Pino Rigido è volato via: una colonna del Secolo d’Italia. Ma soprattutto un grande amico
Un dolore profondo per tutta la comunità del Secolo d’Italia. Pino Rigido è volato via. Si è incamminato verso altri mondi in silenzio, in punta di piedi, così come ha vissuto. Con eleganza. Con quell’eleganza comportamentale che l’ha sempre contraddistinto. È stato una colonna del nostro giornale, con la sua barba e la sua sigaretta, una copia di “Fuoricampo” sulla scrivania (il giornale sportivo che distribuiva all’Olimpico prima delle partite, la sua “creatura”, come amava dire) e gli occhi che alzava dal computer in cerca di uno sguardo d’intesa.

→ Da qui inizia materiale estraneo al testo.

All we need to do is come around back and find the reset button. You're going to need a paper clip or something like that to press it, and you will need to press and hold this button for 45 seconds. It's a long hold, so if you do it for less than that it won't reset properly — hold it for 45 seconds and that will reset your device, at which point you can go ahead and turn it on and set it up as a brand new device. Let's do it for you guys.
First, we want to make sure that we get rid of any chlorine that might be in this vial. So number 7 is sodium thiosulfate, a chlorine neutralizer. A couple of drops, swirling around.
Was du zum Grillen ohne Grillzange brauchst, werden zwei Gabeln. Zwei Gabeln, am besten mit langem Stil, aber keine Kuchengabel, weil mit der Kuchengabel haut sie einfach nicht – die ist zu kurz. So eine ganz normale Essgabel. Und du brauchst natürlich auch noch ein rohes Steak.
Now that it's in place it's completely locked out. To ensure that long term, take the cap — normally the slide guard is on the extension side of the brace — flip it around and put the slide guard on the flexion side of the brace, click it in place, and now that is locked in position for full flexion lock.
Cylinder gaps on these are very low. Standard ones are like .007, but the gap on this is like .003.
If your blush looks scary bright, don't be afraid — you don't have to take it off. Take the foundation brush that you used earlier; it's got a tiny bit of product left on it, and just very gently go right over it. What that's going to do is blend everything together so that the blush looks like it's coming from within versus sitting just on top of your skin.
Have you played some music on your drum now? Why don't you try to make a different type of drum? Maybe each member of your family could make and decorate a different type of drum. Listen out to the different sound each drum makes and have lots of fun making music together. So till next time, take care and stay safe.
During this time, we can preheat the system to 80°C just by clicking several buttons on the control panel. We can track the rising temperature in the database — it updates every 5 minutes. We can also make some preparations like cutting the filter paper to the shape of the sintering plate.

Anni e anni vissuti insieme, ogni giorno, non solo negli orari di lavoro ma soprattutto dopo, quando andavamo via dopo aver finito la prima pagina. Un legame strettissimo, il nostro. Ci dicevamo tutto, come in confessione. Ma proprio tutto, senza veli. E questo perché Pino non avrebbe mai spifferato ad anima viva quello che gli si diceva. La fiducia era reciproca ed ero orgoglioso di conoscerlo a fondo, nei segreti più nascosti.

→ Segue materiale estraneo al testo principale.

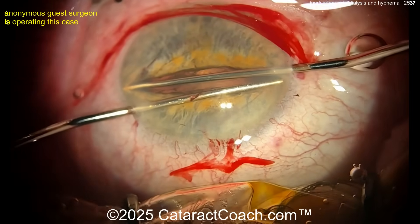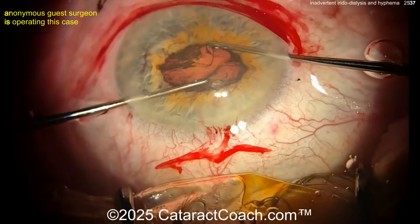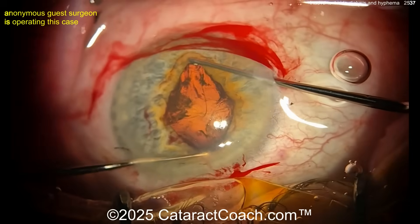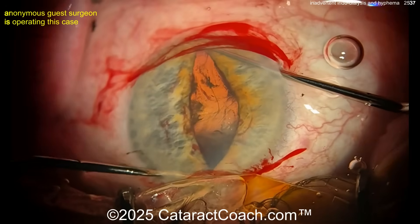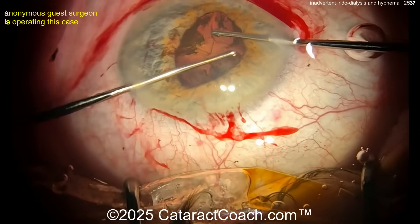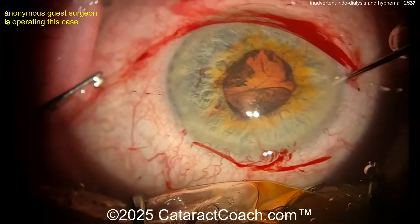There's a stretch in one direction, maybe do a little stretch in the other direction. Notice how the anterior chamber is a little bit shallow here — it's not a simple case. Pre-op AC depth is around 2-point-something millimeters and the eye's IOL power is 26 diopters. It's going to be a tough case.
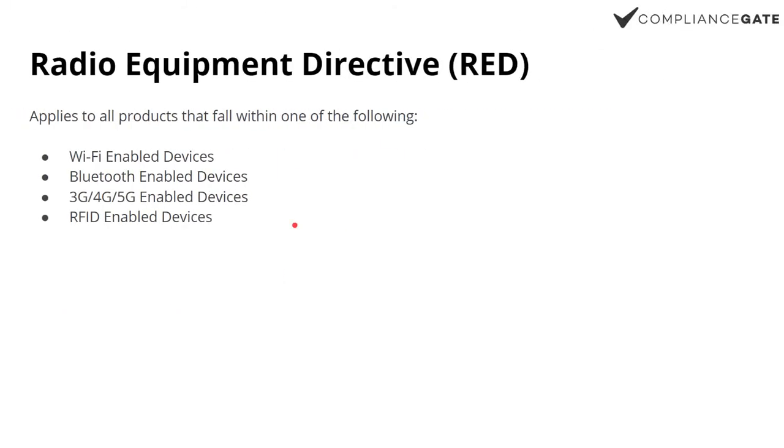Then there's also the RED, or Radio Equipment Directive, which covers basically anything with wireless communication. So Wi-Fi enabled devices, Bluetooth, 4G, 5G, RFID, etc., are covered by RED. So computers, phones, tablets, smartwatches, Bluetooth devices — all covered by RED.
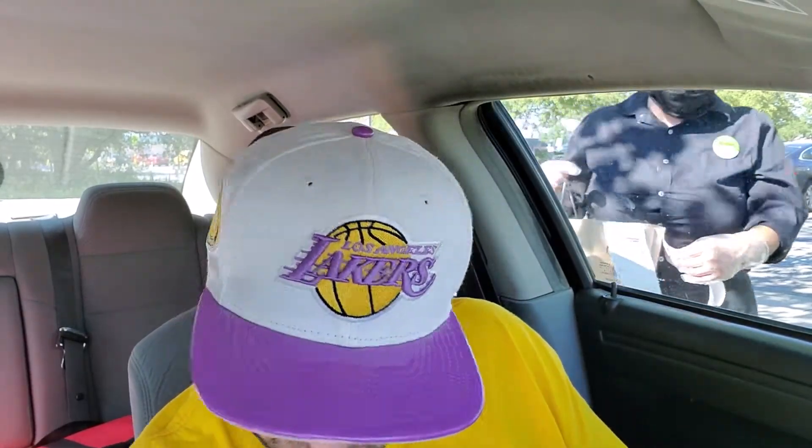I couldn't wait to open this bag of watches. Taking the staples out so I don't rip the bag — they usually just staple it shut. It's always heavy, but there's never anything good in there.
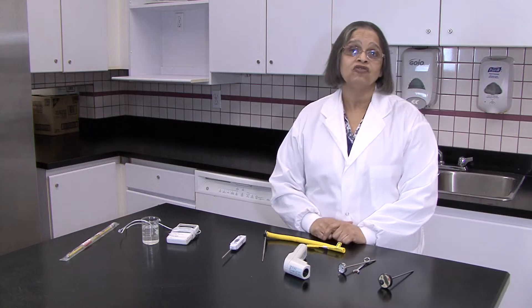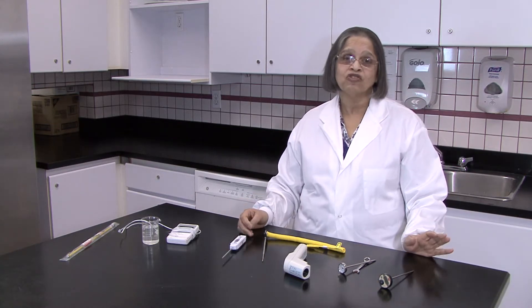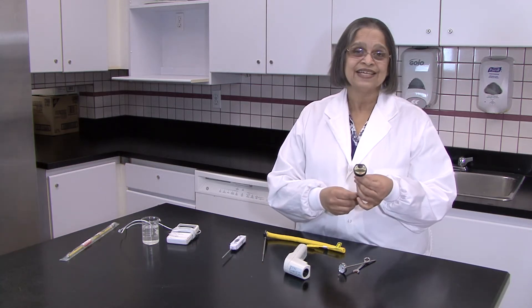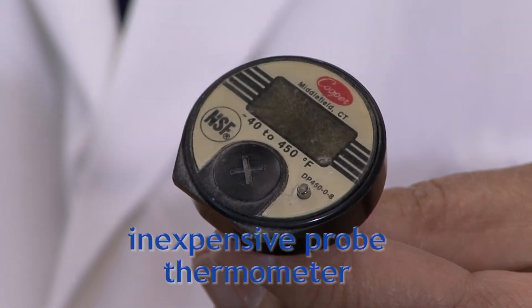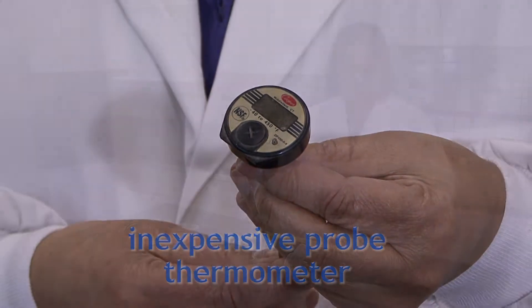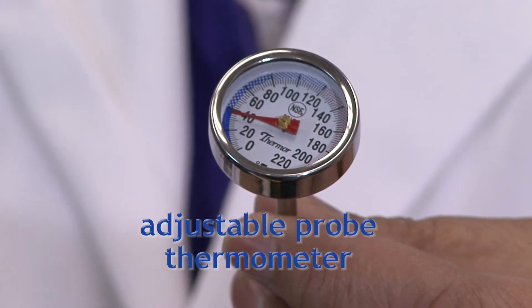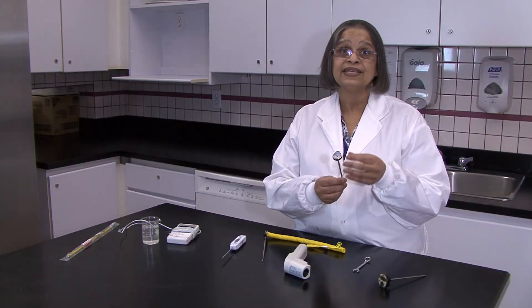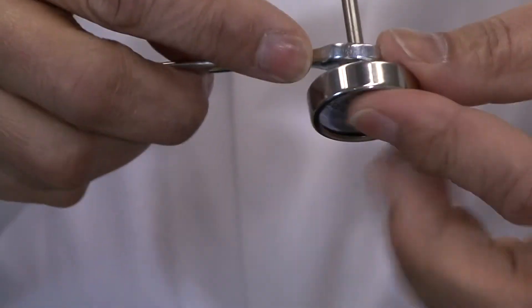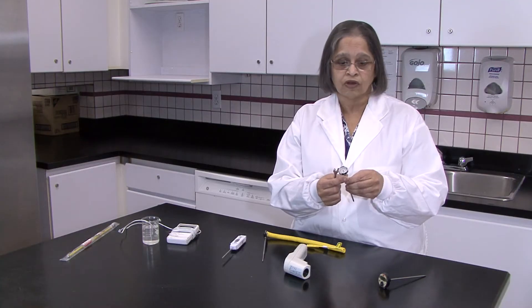Different applications require the use of different thermometers. I have here a wide array of thermometers that can be used for different applications. The first one is an inexpensive thermometer that cannot be easily calibrated, so it is not suitable for use in the food industry. This next one is a little more expensive — it is also a dial thermometer, but its advantage is that it can be calibrated. You can take a little wrench and turn the nut at the bottom to adjust the calibration so that it reads correctly.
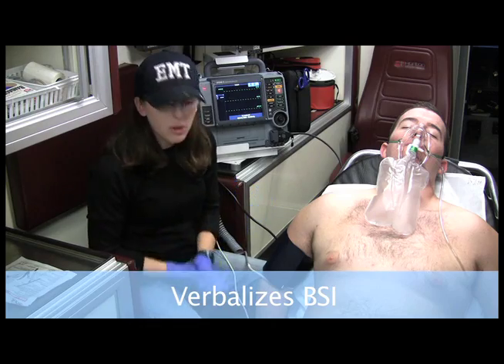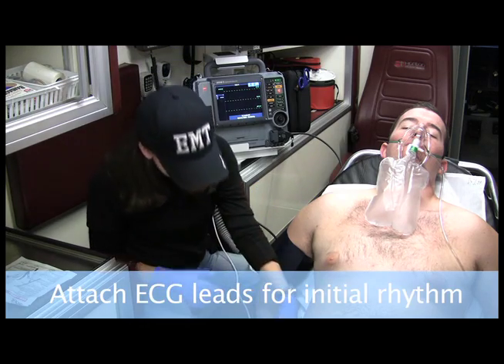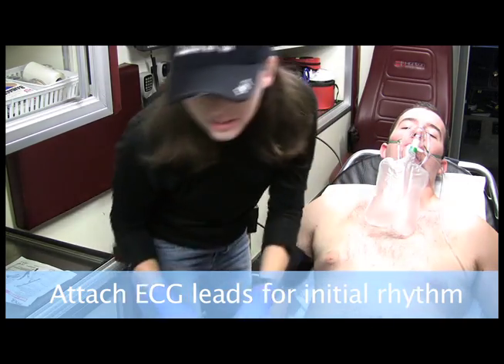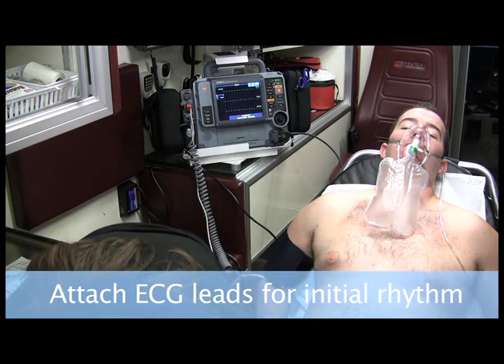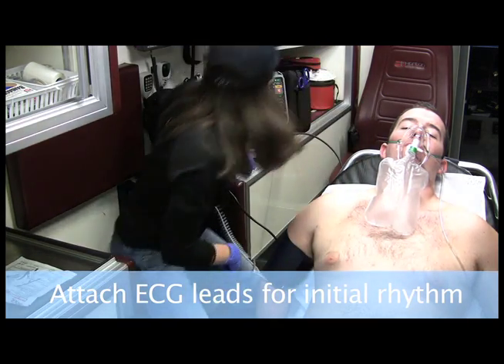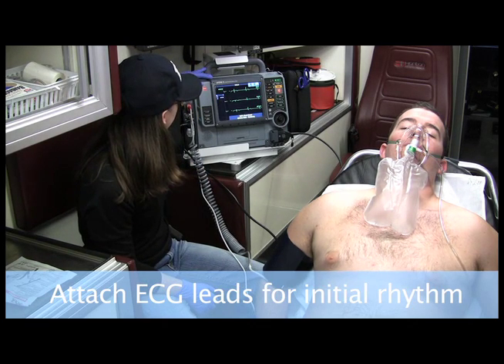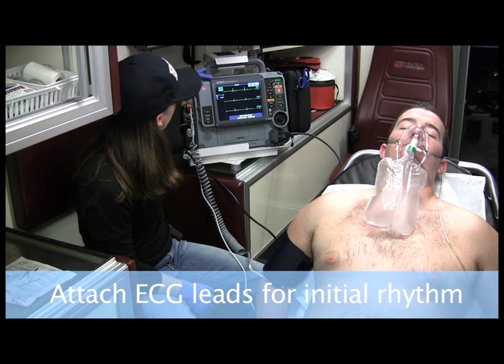I got my BSI on, and I'm going to attach the EKG leads. My monitor has limb leads, so I'm going to attach the four limb leads. And on the monitor, I am seeing what appears to be sinus bradycardia.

Ho avuto la fortuna di essere accolto da lui il primo giorno di lavoro al Secolo. Mi dissero che era il mio caposervizio. E lui mi diede subito un articolo da scrivere, un pezzo su un arresto di mafia. Dopo un minuto, un solo minuto, con voce perentoria mi chiese: «Hai finito?». Lo guardai ed ebbi la prontezza di rispondergli sì, anche se non avevo messo nero su bianco nemmeno una parola. Bastò questo scambio di provocazioni a farci diventare amici. Anzi, inseparabili amici. La sua professionalità era indiscutibile, aveva una bella penna. Ogni volta che confezionava un pezzo, voleva che lo rileggessi per evitare i refusi. Poi, con un sorriso, chiedeva: «Che ne pensi?». «Bello, Pino, da 9». E lui: «Perché non da 10?». E giù risate.
Parlava spesso della sua famiglia, dei suoi figli, delle sue origini pugliesi. Un altro suo grande amore era la Roma, motivo di litigio tra noi, non gradiva la mia fede nerazzurra. Per anni siamo andati insieme a vedere Roma-Inter all’Olimpico, 90 minuti da “nemici”, per poi andare insieme al ristorante per concludere la serata da “amici”. Una tradizione. Non faceva mancare mai la sua presenza nei momenti cruciali, arrivava con la sua moto, si toglieva il casco e rimaneva in silenzio. Un silenzio che era un «ci sto». E questo bastava.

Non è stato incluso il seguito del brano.